(Task details):
Exactly reproduce the lines of the listing below from the one containing "4 BEDROOM HOUSE FOR SALE IN SOUTHRIDGE PARK" through the one containing "Pães de Queijo Recheados". Skip the images.

(Entries provided):
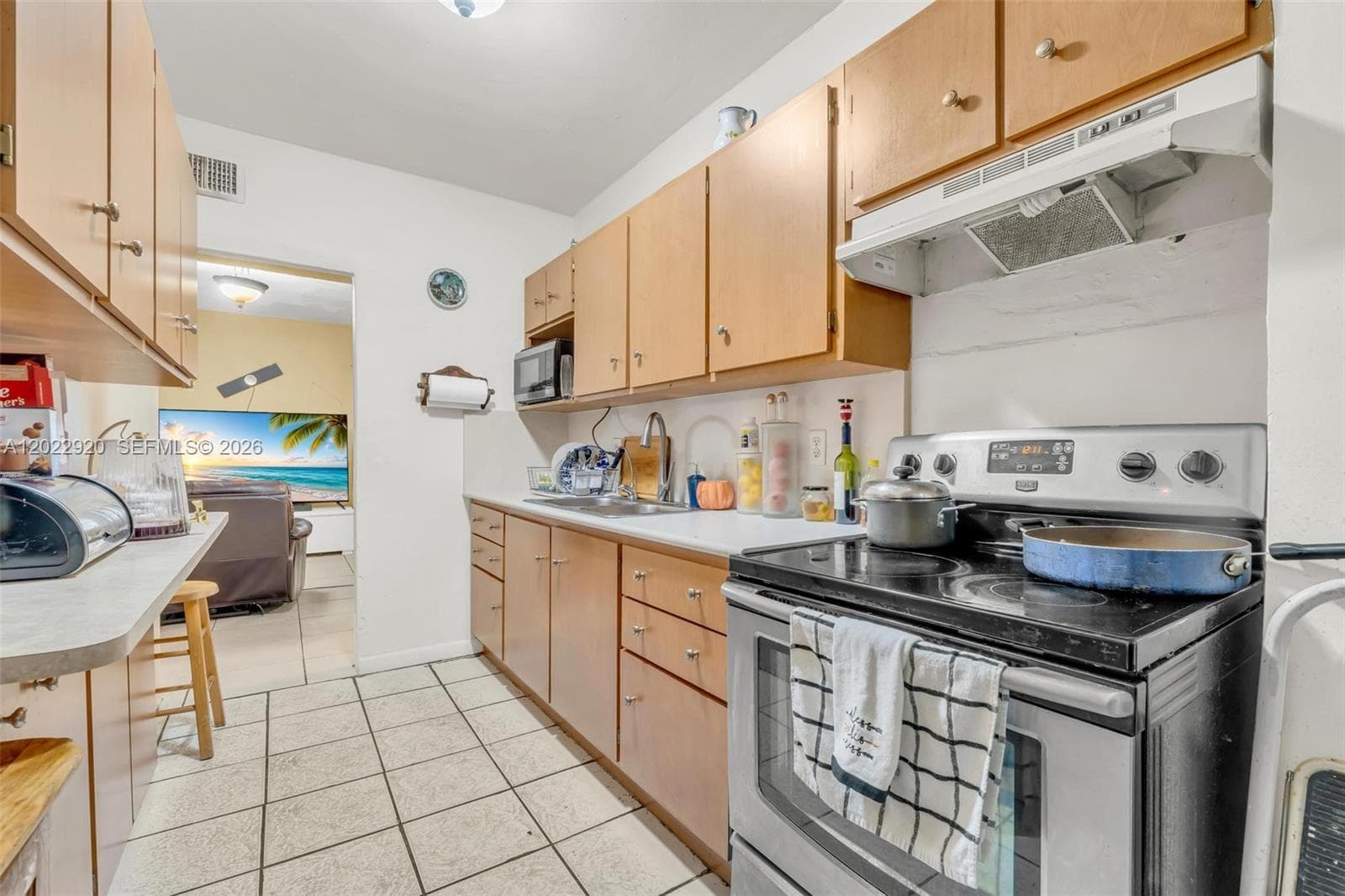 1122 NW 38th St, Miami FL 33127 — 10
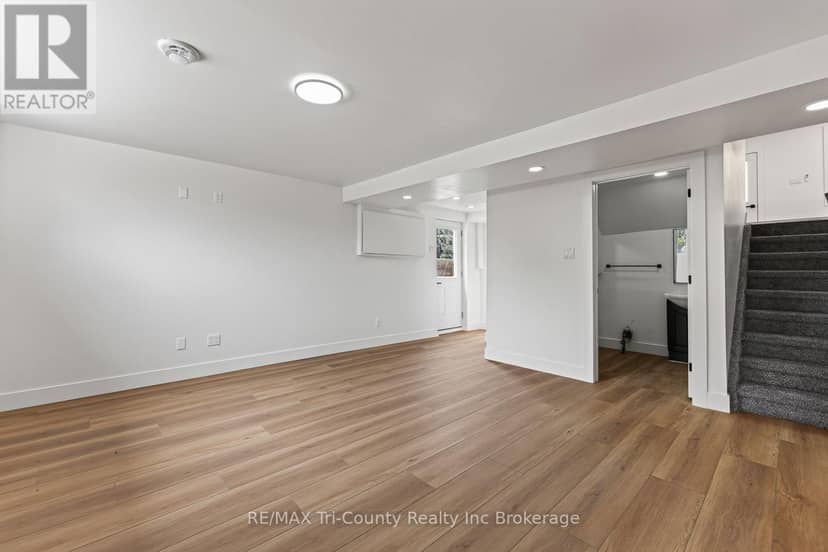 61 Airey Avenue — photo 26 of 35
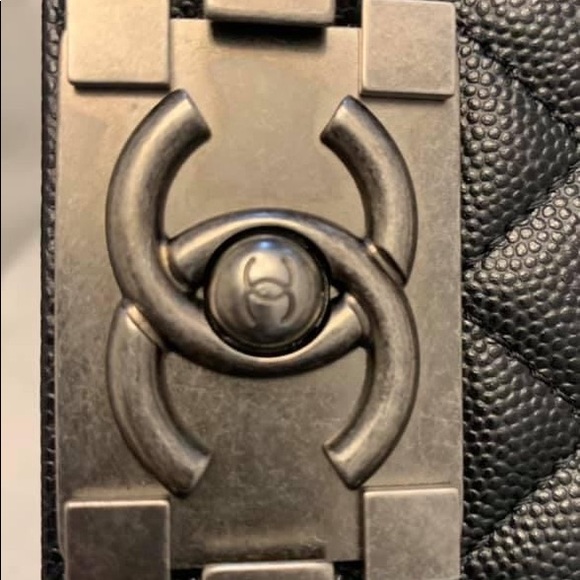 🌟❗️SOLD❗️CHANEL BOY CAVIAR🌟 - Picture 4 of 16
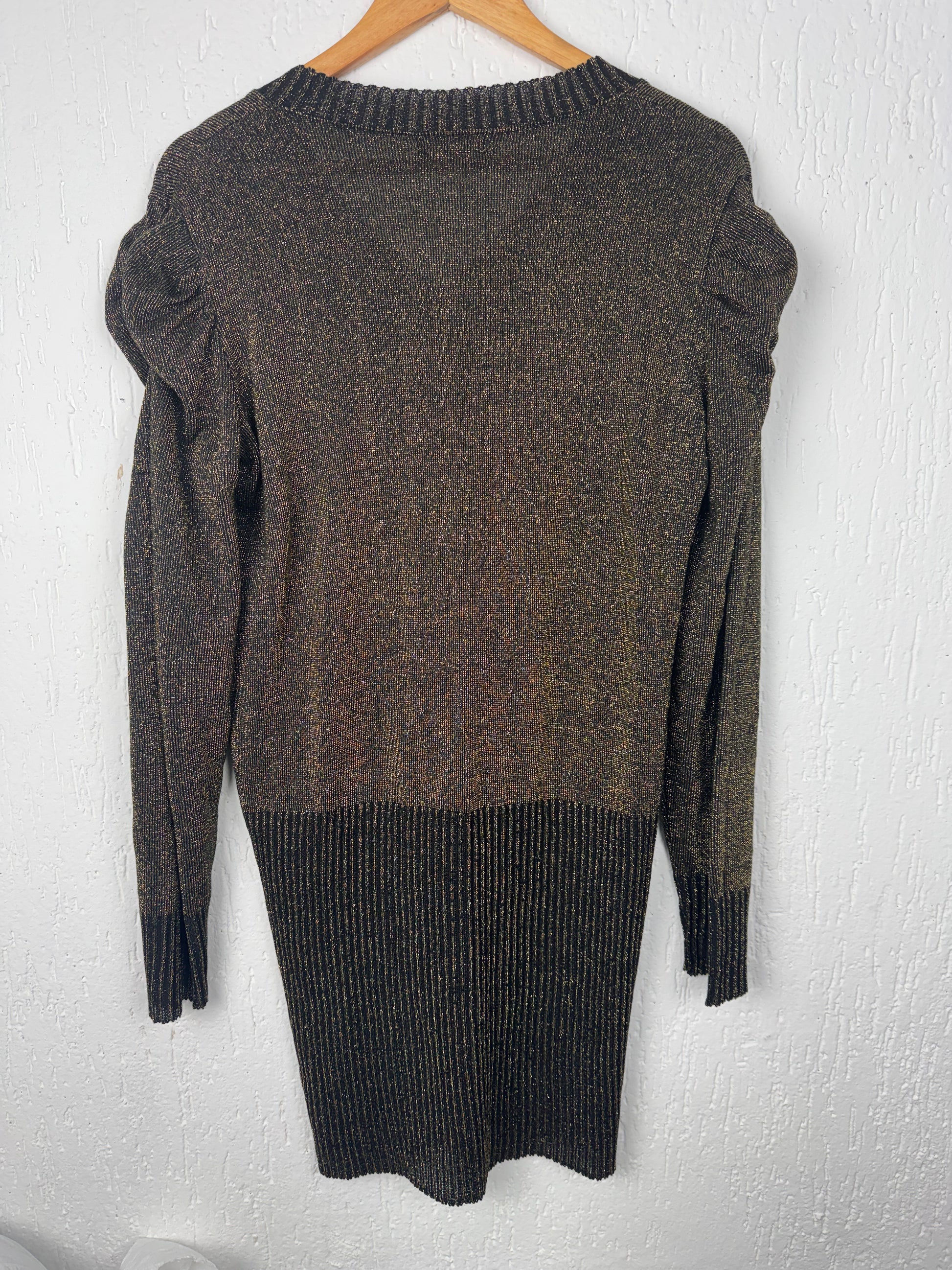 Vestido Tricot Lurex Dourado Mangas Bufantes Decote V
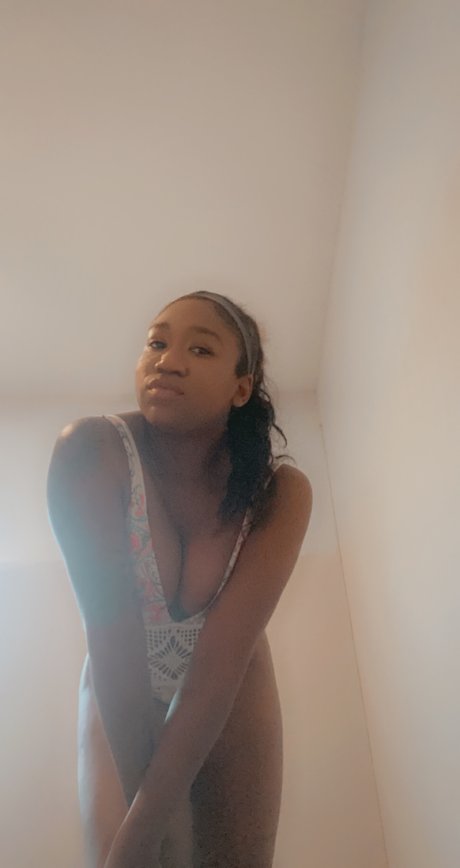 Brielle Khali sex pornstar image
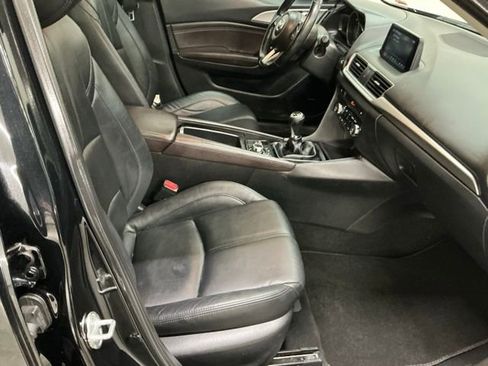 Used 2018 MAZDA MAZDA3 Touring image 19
...
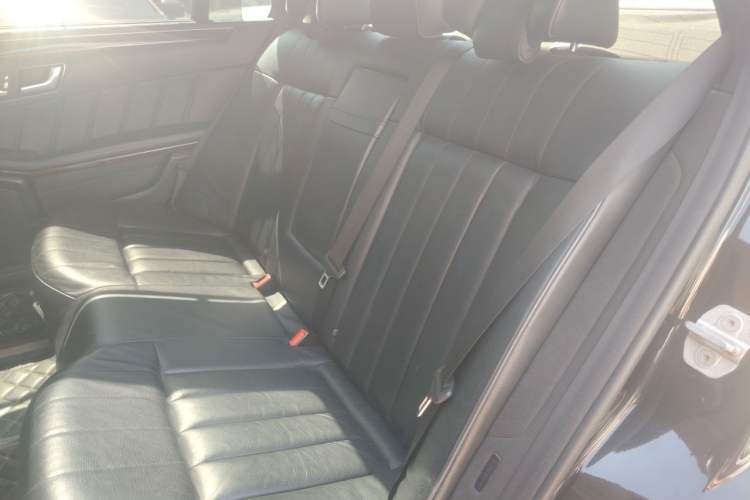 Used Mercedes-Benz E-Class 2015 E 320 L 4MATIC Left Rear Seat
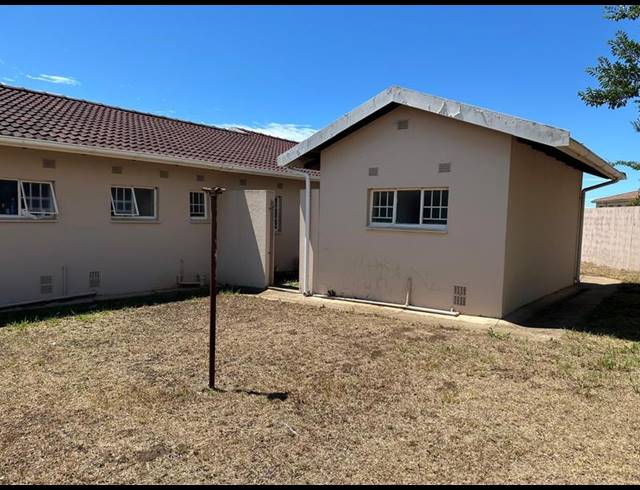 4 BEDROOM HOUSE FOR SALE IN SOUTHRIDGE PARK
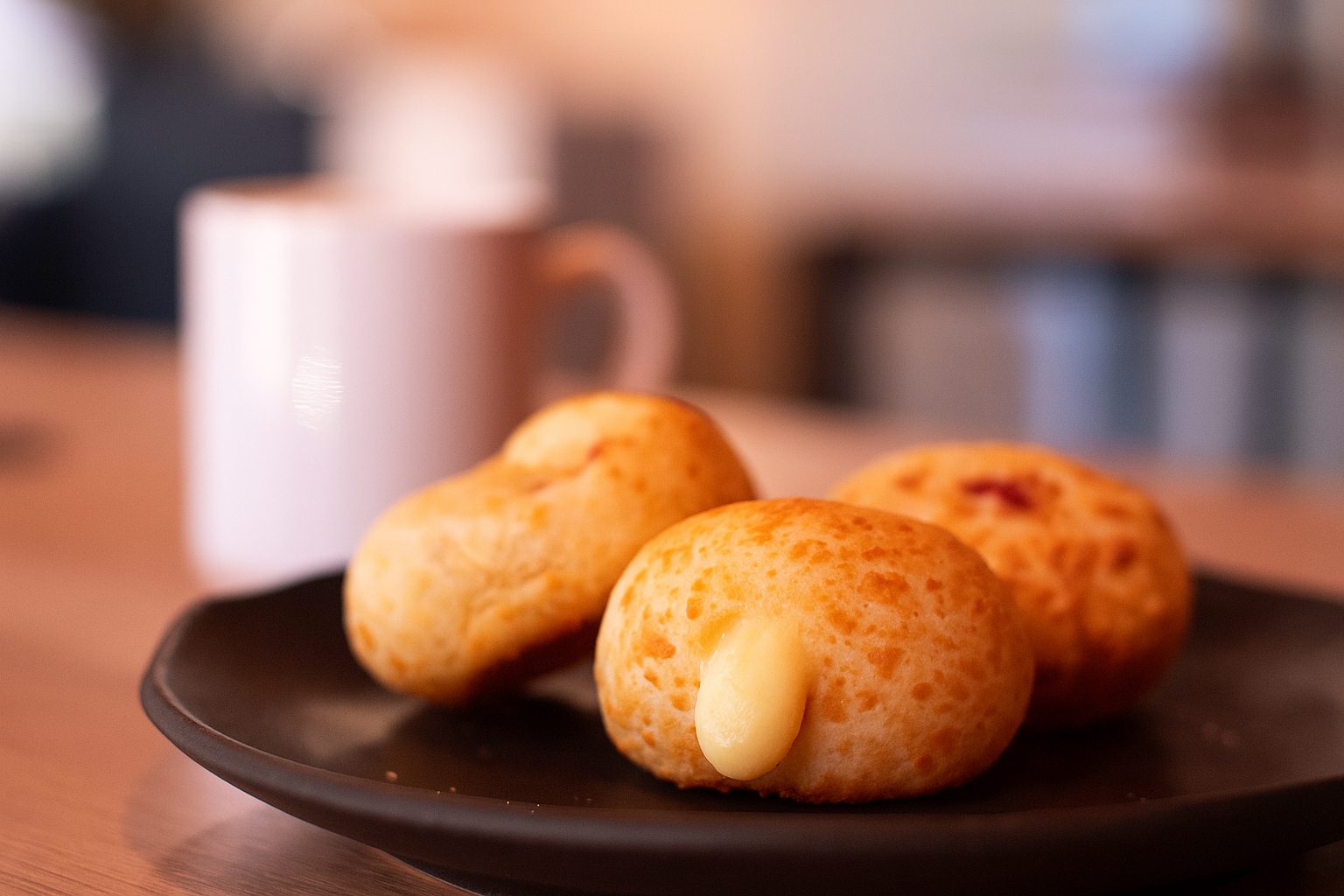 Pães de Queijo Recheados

(Written solution):
 4 BEDROOM HOUSE FOR SALE IN SOUTHRIDGE PARK
 Pães de Queijo Recheados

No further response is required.